Par ailleurs, le Togo — dans la préparation du sommet — a réussi à mobiliser tous ses partenaires bilatéraux et multilatéraux afin de réussir ce challenge continental : l’Union européenne, la France, l’Allemagne, les Etats-Unis, la Chine, le Japon …

II / Le Sommet

A-Les « side events »

Pour donner à l’évènement son caractère multi-thématique et international, des activités parallèles ou « side events » ont mobilisé deux milliers d’acteurs d’horizons divers et de profils différents pendant les cinq (5) jours précédant la session extraordinaire des Chefs d’Etat.

Elles se sont déroulées sous deux formats : les tables rondes et le Village des partenaires. Objectifs : réunir les meilleurs spécialistes du monde maritime engagés pour le continent, permettre les échanges d’expériences entre les différents acteurs du monde maritime et proposer des pistes de réflexion sur les actions à mener dans le cadre de la mise en œuvre de la “stratégie AIM 2050”. Ces événements ont enrichi la réflexion et posé le débat sur les grands enjeux du sommet.

Ils ont par ailleurs constitué un espace de réflexion pour les spécialistes et autres experts sur les actions à mener dans le cadre de la mise en œuvre de la Stratégie africaine intégrée pour les mers et les océans à l’horizon 2050 (Stratégie AIM 2050).

Au total, ce sont 238 experts qui auront ainsi dialogué avec les participants avec pour cadre le Village des partenaires, bâti sur l’esplanade du Palais des Congrès, et d’une dimension totale de 3000 m2, comprenant les salles de conférences et des stands d’exposition.

Le Village des partenaires a été également le cadre d’exposition pour des institutions internationales et des entreprises, dans un format B to B.

B – Les thématiques abordées

Douze (12) panels ont été organisés dans le cadre des activités parallèles. Avec pour thèmes : piraterie, trafics illicites par voie maritime, pêche et pêche illicite, protection de l’environnement et ressources marines, énergie, commerce et tourisme, sécurité et sûreté maritimes - des ports aux grands large, ressources humaines performantes pour la sécurité et la sûreté maritimes, droit et régulation de la sécurité et de la sûreté maritimes, coopération interétatique et échange en matière de sécurité et de sûreté maritimes, économie bleue et développement en Afrique, métiers liés à l’économie bleue.

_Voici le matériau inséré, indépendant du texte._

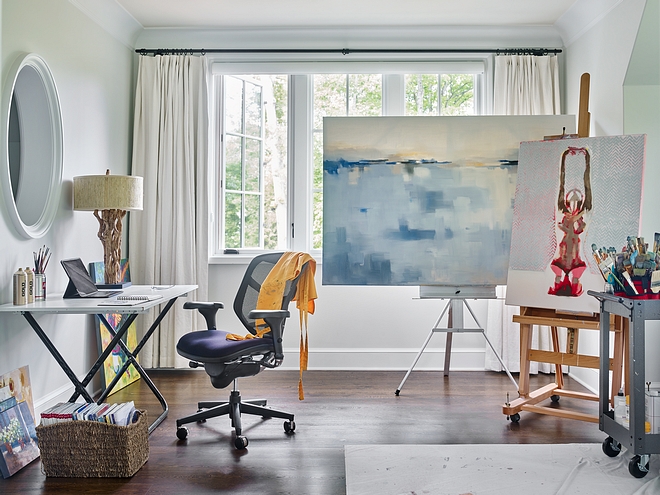 Casement windows bring an abundant amount of natural light to the homeowner's art studio #artstudio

C - Le Sommet des Chefs d’Etat

Ce sont quarante-trois (43) pays qui ont participé à la session extraordinaire de l’UA ; une mobilisation importante pour un sommet thématique. Parmi eux, dix-huit (18) Chefs d’Etat, notamment les présidents : Uhuru Kenyatta (Kenya), Idriss Déby Itno (Tchad), Ibrahim Boubacar Keïta (Mali), Brahim Ghali (République Arabe Sahraouie Démocratique), Alassane Ouattara (Côte d’Ivoire), Macky Sall (Sénégal), Denis Sassou Nguesso (Congo), Teodoro Obiang Nguema (Guinée Equatoriale), Ismaël Omar Guelleh (Djibouti), José Mario Vaz (Guinée Bissau), Alpha Condé (Guinée), Hery Rajaonarimampianina (Madagascar), Ellen Johnson Sirleaf (Liberia), Roch Marc Christian Kaboré (Burkina Faso), Patrice Talon (Bénin), John Dramani Mahama (Ghana), Mohamed Ould Abdel Aziz (Mauritanie) et Faure Gnassingbé (Togo).

Ainsi que le vice-président du Nigeria Yemi Osinbajo et les Premiers ministres : Emmanuel Issoze Ngondet (Gabon), Abdelmalek Sellal (Algérie), Simplice Sarandji (Centrafrique), Patrice Trovoada (Sao Tomé et Principe), Omar Abdirashid Ali Sharmarke (Somalie) et le Ministre de la Justice du Cameroun Laurent Esso qui représentait à ce sommet le Président camerounais.

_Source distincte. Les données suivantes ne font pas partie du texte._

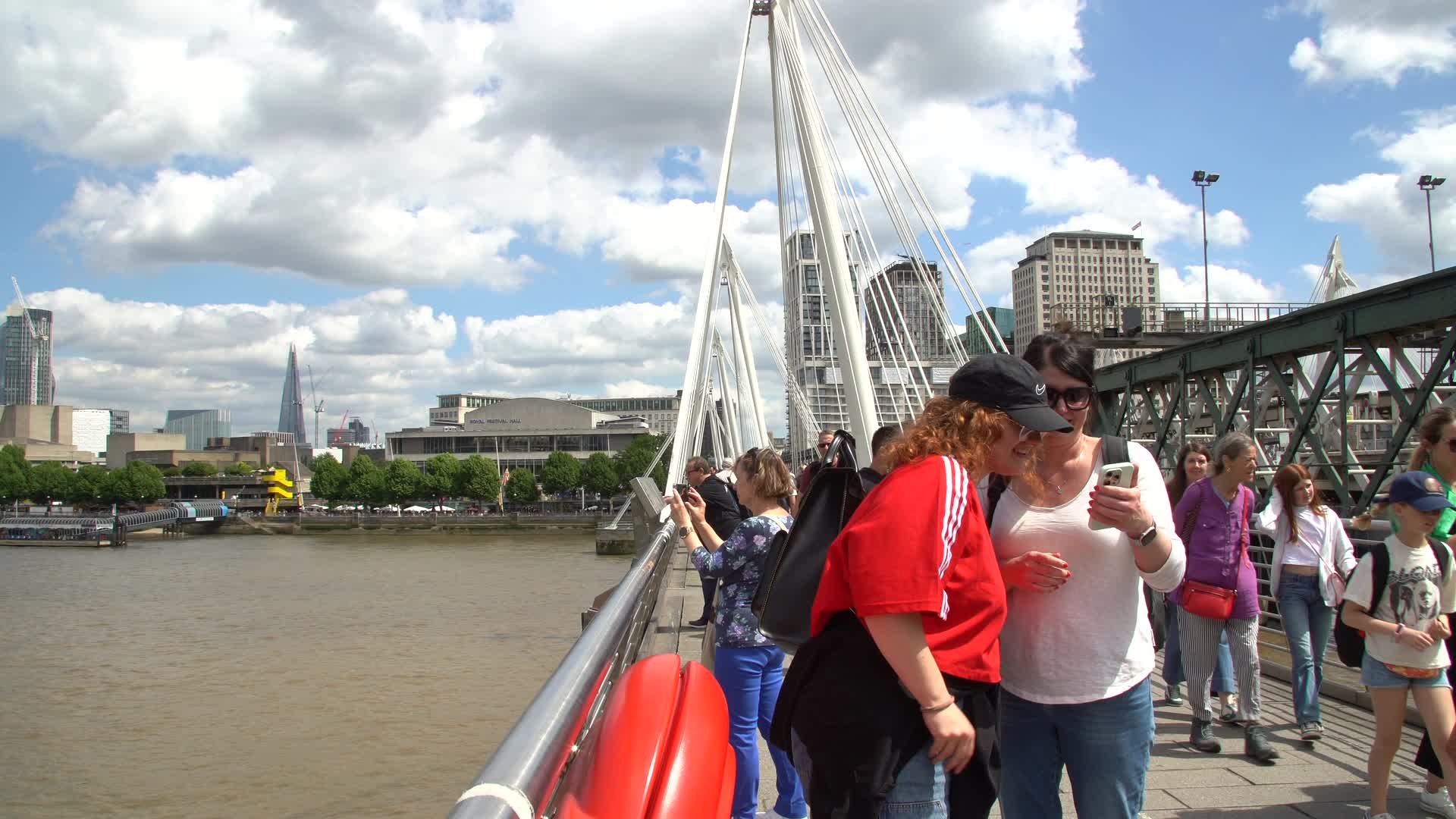 Tourists on London Bridge with City Skyline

Etaient également présentes à Lomé, des personnalités comme Jean-Yves LE DRIAN, Ministre de la Défense de la République française, messieurs Cheikh Kadjibou SOUMARE, Président de la Commission de l’Union Economique Monétaire Ouest Africaine ( UEMOA), Marcel Alain de SOUZA, Président de la Commission de la Communauté Economique Des Etats de l’Afrique de l’Ouest (CEDEAO), Carlos LOPEZ, Secrétaire Exécutif de la Commission Economique Africaine (CEA), Vella KARMENU, Commissaire européen pour l’environnement, représentant la présidente de la Commission).

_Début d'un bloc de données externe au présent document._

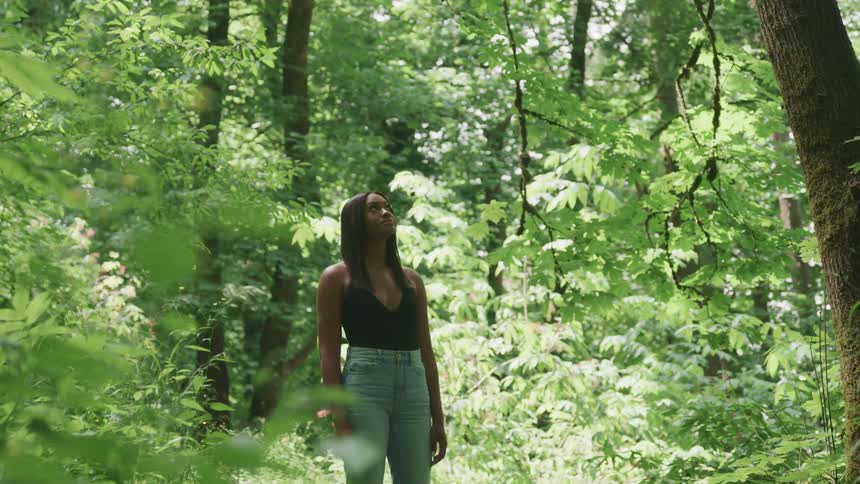 A woman standing in a forest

III / La Charte de Lomé A- Une Charte unique dans le monde.

La Charte sur la sécurité, la sûreté maritimes et le développement en Afrique signée le 15 octobre 2016 est historique. En effet, elle est la première du genre dans le monde ; toutes les initiatives précédentes n’ayant pas encore été soldées par des engagements contraignants.

En s’accordant à Lomé autour de cette charte, les Chefs d’Etat et de gouvernement africains ont matérialisé leur volonté de protéger les espaces marins contre tous les fléaux pour en faire un véritable levier de leur essor économique.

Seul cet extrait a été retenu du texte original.